Task goal: Leave out the pictures and transcribe the rest of the records exactly.

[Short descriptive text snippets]

◆ ◆ ◆ ◆

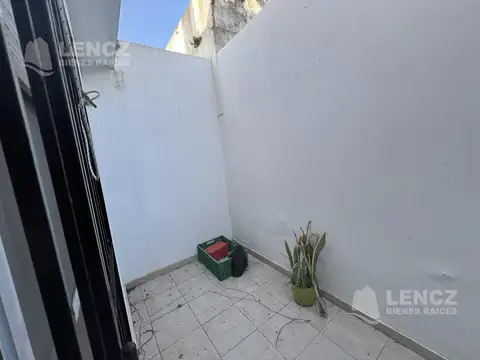 Depto Tipo Casa en Venta en Quilmes, USD 40.000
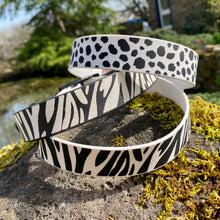 Load image into Gallery viewer, Zebra Print Collar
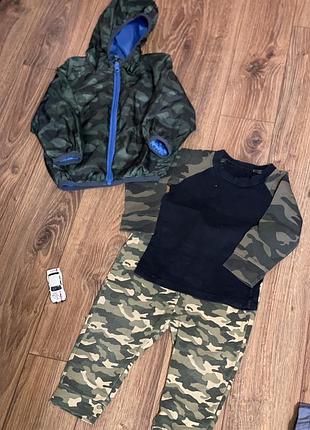 Набір - вітровка, штанці і кофта кольору хакі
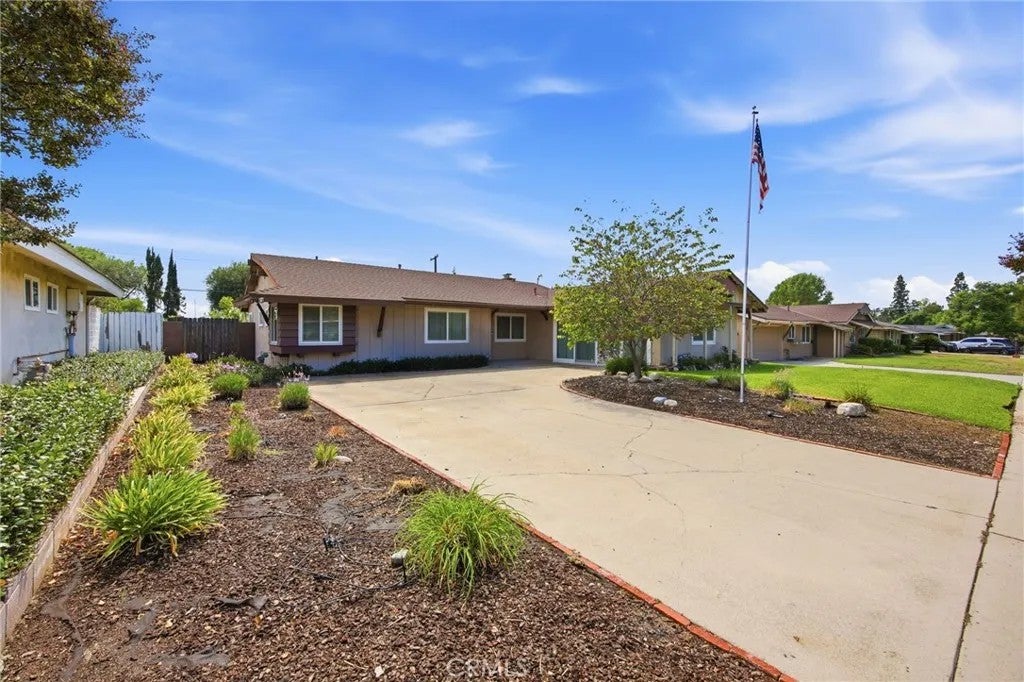 610 Ridgefield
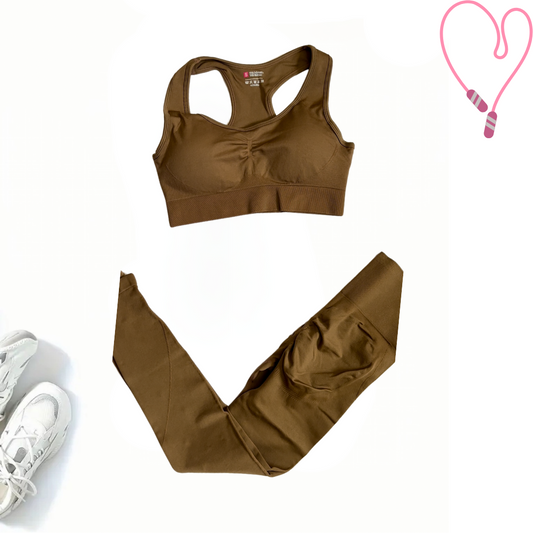 Two-Piece Solid Set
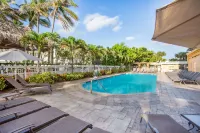 Wyndham Deerfield Beach Resort - Beach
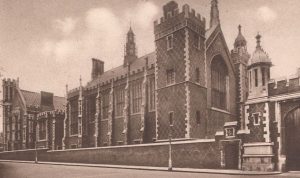 Lincoln's Inn Fields en 1922. Imagen procedente de «Wonderful London» (1925).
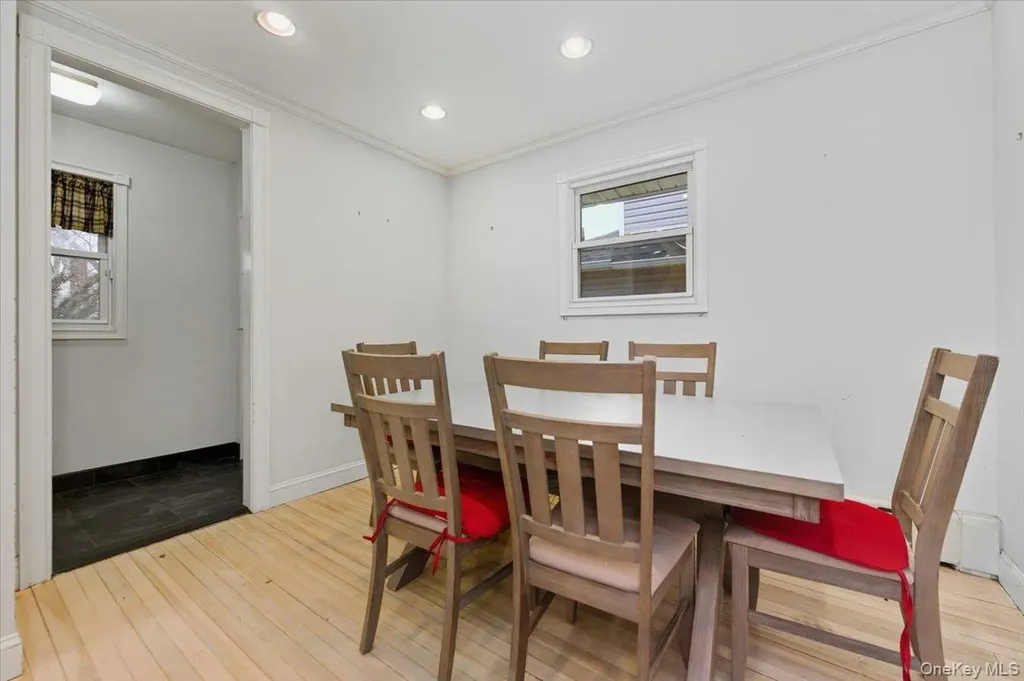 22 Sunset Trail Bronx NY 10465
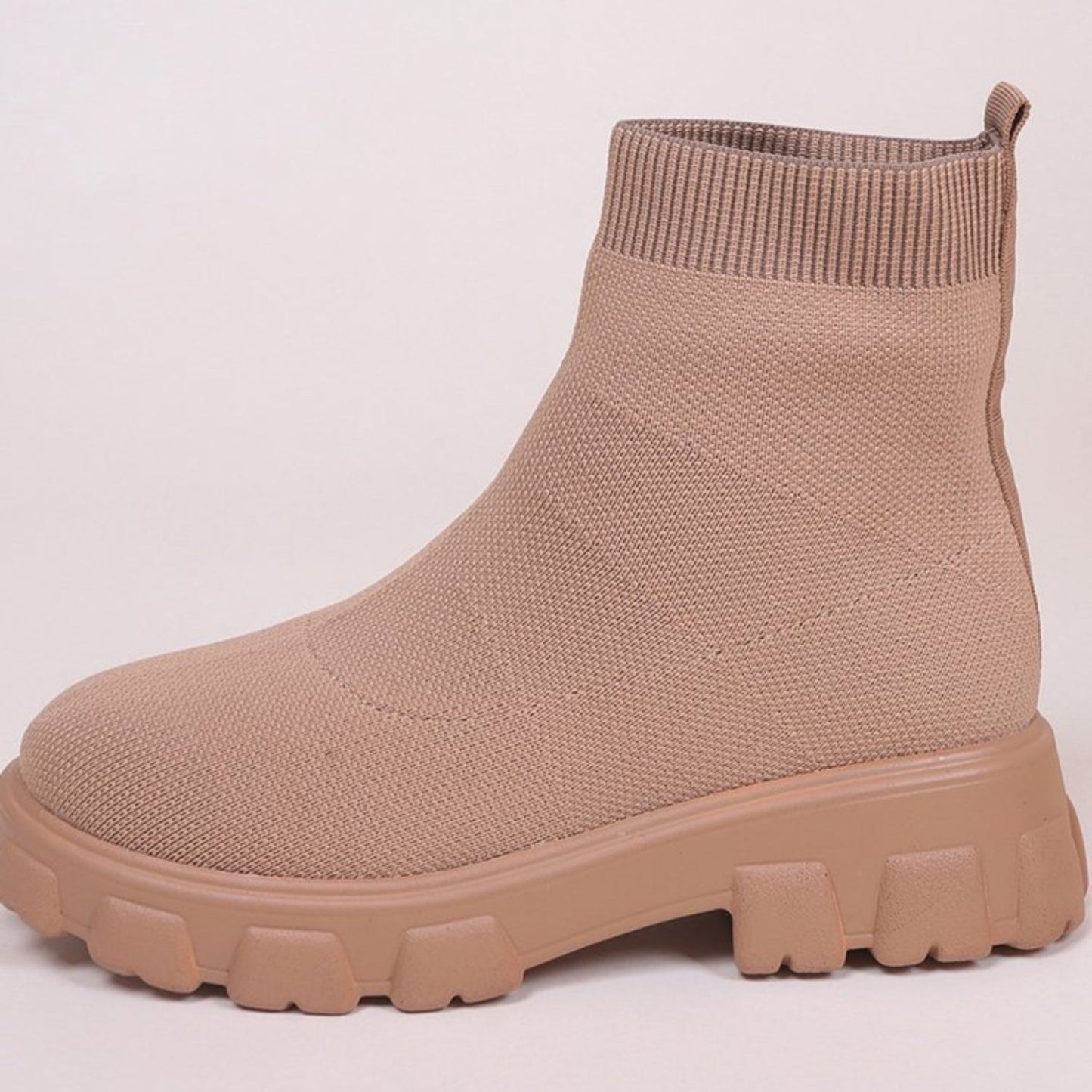 Linda | Custom-made, supportive orthopedic boots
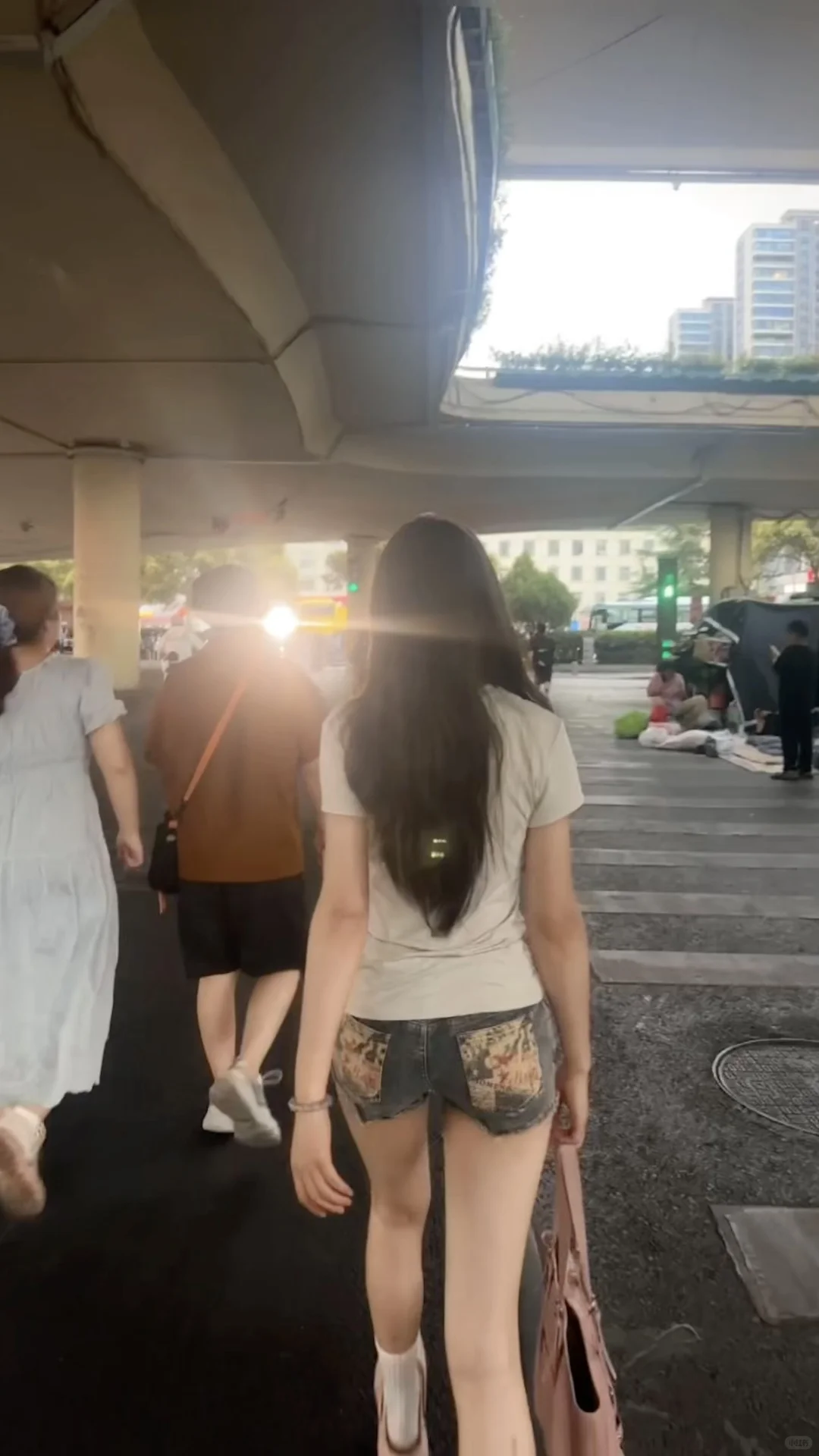 穿搭的尽头是极简！
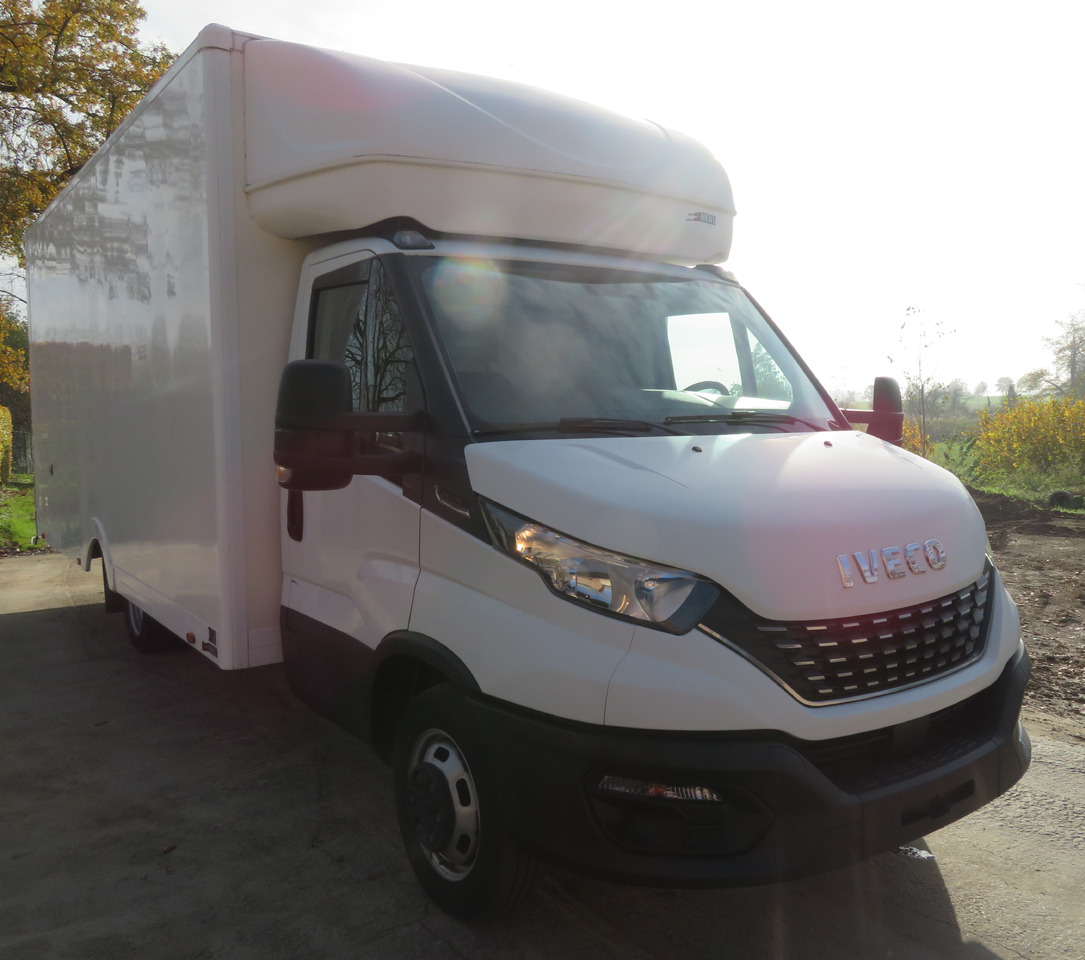 Iveco Daily 35C14 - Fourgon: photos 1 Iveco Daily 35C14 - Fourgon: photos 1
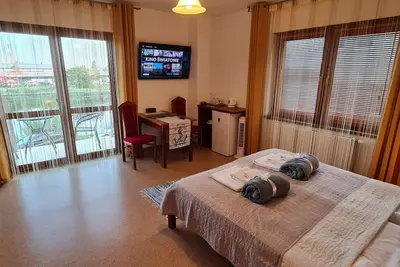 Image de Captain's Villa * River View * Superior Double Room with Private Bathroom and Balcony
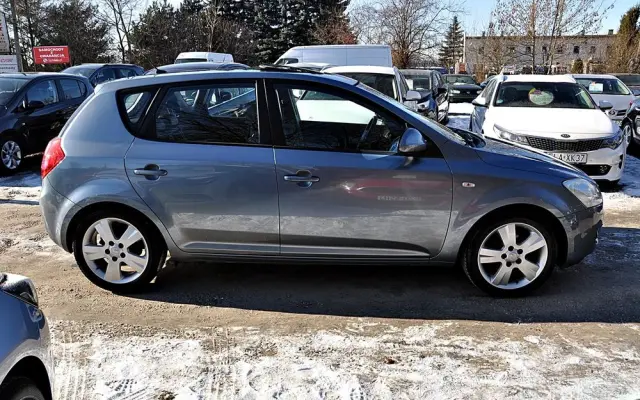 KIA Ceed 2.0 CVVT TX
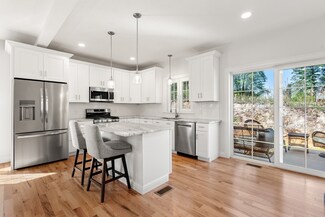 53 Pouts Ln, Uxbridge, MA 01569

◆ ◆ ◆ ◆

Solution below:
 Depto Tipo Casa en Venta en Quilmes, USD 40.000
 Load image into Gallery viewer, Zebra Print Collar
 Набір - вітровка, штанці і кофта кольору хакі
 610 Ridgefield
 Two-Piece Solid Set
 Wyndham Deerfield Beach Resort - Beach
 Lincoln's Inn Fields en 1922. Imagen procedente de «Wonderful London» (1925).
 22 Sunset Trail Bronx NY 10465
 Linda | Custom-made, supportive orthopedic boots
 穿搭的尽头是极简！
 Iveco Daily 35C14 - Fourgon: photos 1 Iveco Daily 35C14 - Fourgon: photos 1
 Image de Captain's Villa * River View * Superior Double Room with Private Bathroom and Balcony
 KIA Ceed 2.0 CVVT TX
 53 Pouts Ln, Uxbridge, MA 01569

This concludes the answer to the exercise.